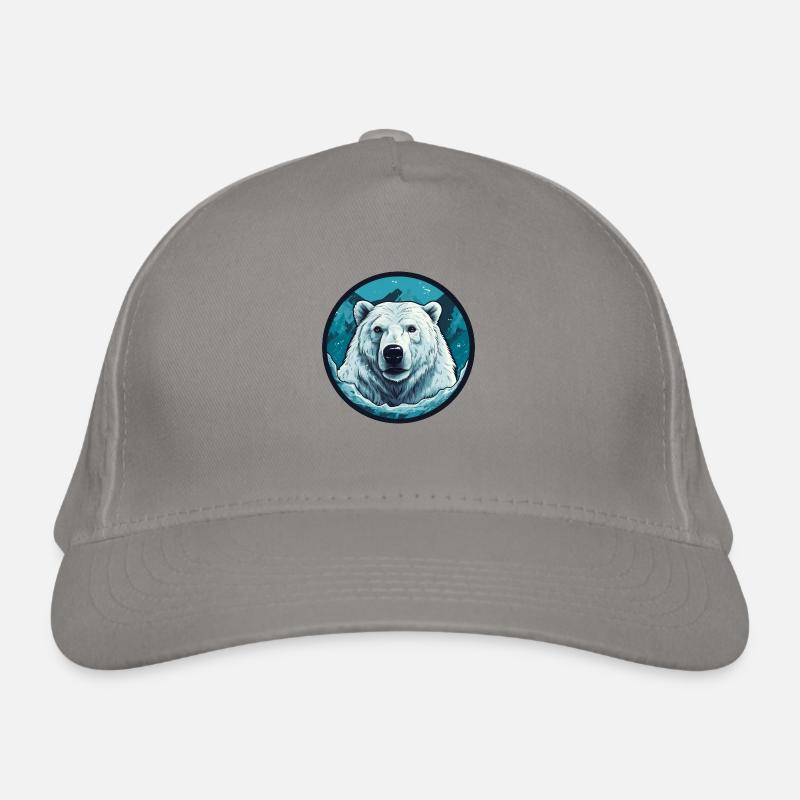 ours blanc Casquette classique bio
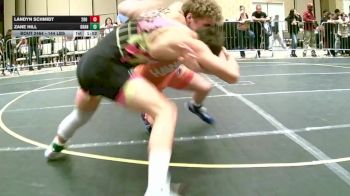 144 lbs Quarterfinal - Zane Hill, Grants Pass WC vs Landyn Schmidt, 208 Spartans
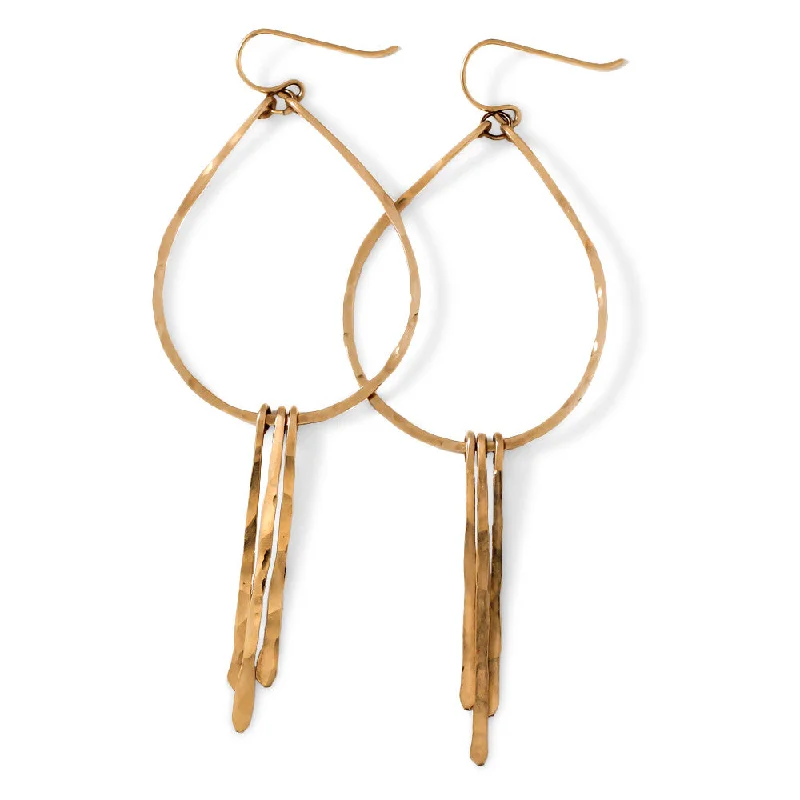 women's dangling earrings -Teardrop Fringe Earrings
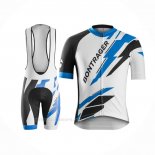 2016 Ropa Ciclismo Trek Bontrager Azul Blanco Mangas Corta y Culotte Corto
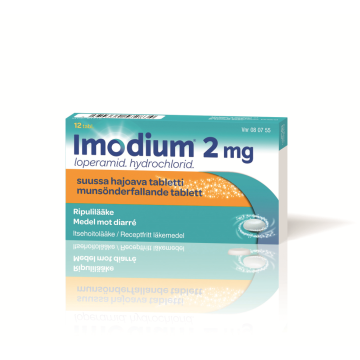 IMODIUM tabletti, suussa hajoava 2 mg 12 fol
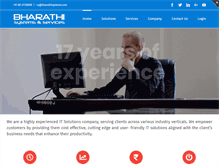 Tablet Screenshot of bharathisystems.com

################

[PROBLEM TO WORK ON]
Except for the pictures, set down each line of the records exactly as it appears.

[ANSWER FOR THIS EXERCISE]
 ours blanc Casquette classique bio
 144 lbs Quarterfinal - Zane Hill, Grants Pass WC vs Landyn Schmidt, 208 Spartans
 women's dangling earrings -Teardrop Fringe Earrings
 2016 Ropa Ciclismo Trek Bontrager Azul Blanco Mangas Corta y Culotte Corto
 IMODIUM tabletti, suussa hajoava 2 mg 12 fol
 Tablet Screenshot of bharathisystems.com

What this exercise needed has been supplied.